How can I reduce failed stories when doing e2e evaluation of the model. kindly help me to improve my model. i.e when I use this command python -m rasa_core.evaluate --core models/dialogue --stories test_stories.md -o results, it gives me some wrongly predicted actions. I want to reduce the number of incorrectly predicted actions. Aslo help me how can I evaluate NLU ie intent recognision same as like test_nlu.md to evaluate nlu model.

Hey @rakesh,

In general if you want to reduce the number of incorrectly predicted actions, you can add the failed story to your training data with the correct action and your bot’s policies will learn to get it right the next time.

rasa_nlu also has some nice tools for evaluating your models. This script will plot a confusion matrix, f1 scores and a pretty graph showing the confidence for correctly and incorrectly predicted labels on your test set.

Hey @MetcalfeTom

Thanks for the reply. Currently I am using 150 story stories.md file of nearly 150 intents like:

story 1

  • greet
    • utter_greet_help

story 2

  • mood_unhappy
    • utter_Help_to_coach

story 3

  • mood_deny
    • utter_Help_coach

to 150 intents

SO i am getting some wrongly predicted ones in confusion matrix itself. When I evaluate model with e2e_stories.md file with one big story containing every intent. like:

stories all

  • greet
    • utter_greet_help
  • some_random_intent
    • its_utterance_action

so on to 150 intents

I think it should predict correct action but i am getting some wrongly predicted actions for some intents. theoritically it should give every prediction correct. But i dont know why.

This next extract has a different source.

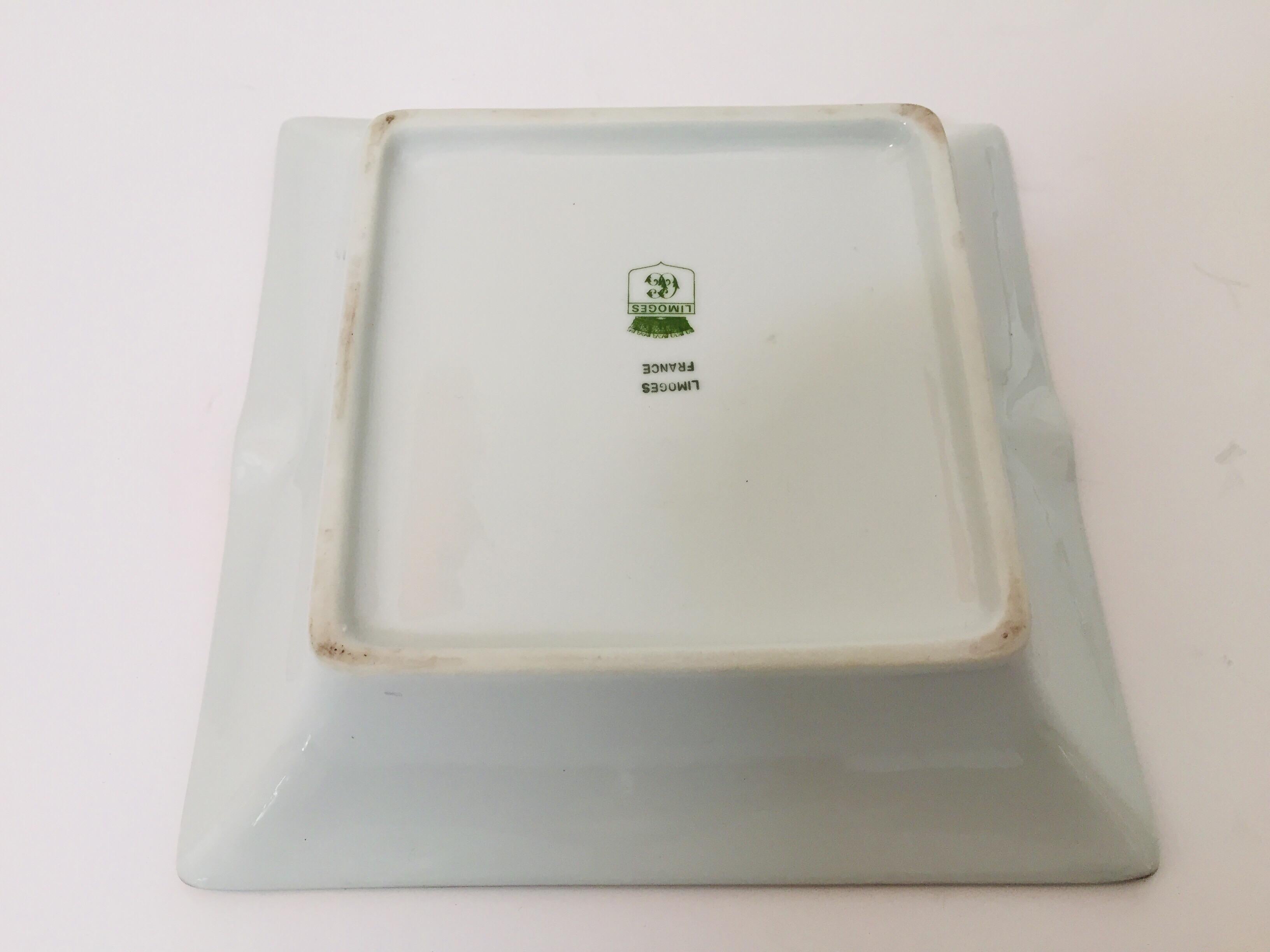 French Bauhaus Porcelain Square Green and Gold  Ashtray Limoges, France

This is because your evaulation story is different to the data the bot was trained on; in your training data there is no context for each intent, but in the evaluation story the tracker will be storing the previously received messages and executed actions.

I suggest you change your policy_config to include AugmentedMemoizationPolicy instead of the MemoizationPolicy - this will wipe the tracker upon receiving the intent and predict the corresponding utterance in your training data

@MetcalfeTom Thank you for the reply. I will deffinitely Try that one.